The stockings are hung by the chimney with care. All is calm. All is bright.
You're almost ready for your big Christmas dinner. You know precisely how you will cook your main course — how you will bake your ham, roast your turkey, grill your standing rib roast. The desserts are already lined up: the chocolate cake, the pecan pie, the trays full of Christmas cookies.
But lost in the planning are the side dishes. These are often afterthoughts, the part of the meal that is ignored until it is time to cook it. Then follows a frantic search of the freezer as you look for some appropriate vegetable to serve to your guests.
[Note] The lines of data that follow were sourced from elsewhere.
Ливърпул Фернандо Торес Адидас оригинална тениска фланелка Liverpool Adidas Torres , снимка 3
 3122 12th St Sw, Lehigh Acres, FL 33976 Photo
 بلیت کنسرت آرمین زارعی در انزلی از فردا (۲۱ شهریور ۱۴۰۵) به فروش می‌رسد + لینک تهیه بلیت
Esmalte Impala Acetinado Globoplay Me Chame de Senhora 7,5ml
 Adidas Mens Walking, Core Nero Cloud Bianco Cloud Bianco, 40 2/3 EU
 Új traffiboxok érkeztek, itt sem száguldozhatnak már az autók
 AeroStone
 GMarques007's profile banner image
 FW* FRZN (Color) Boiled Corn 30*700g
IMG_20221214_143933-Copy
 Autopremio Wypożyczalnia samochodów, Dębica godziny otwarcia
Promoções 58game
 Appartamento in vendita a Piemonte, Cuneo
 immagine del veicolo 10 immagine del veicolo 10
This year, why not make the side dishes count as much as everything else? If cooking is an expression of love, why not carry your feelings through the entire meal?
Your guests will be grateful, and think of how glad you will be you did not just serve another heat-and-eat package of pre-made mashed potatoes.
Besides, this is a time for giving. And what better gift to give your friends and family than the best meal you can make?
Let's start with the salad. Several weeks ago, my wife, the Queen of Salads, was cooking for a big dinner. She had recently bought some pomegranate seeds just because they intrigued her, and we often have arugula around the house because we love its baby-soft texture and the peppery bite it brings as an accent to salads.
In a moment of inspiration bordering on true genius, she decided to sprinkle pomegranate seeds over the arugula, toss in some toasted pine nuts, and dress it lightly in a simple vinaigrette.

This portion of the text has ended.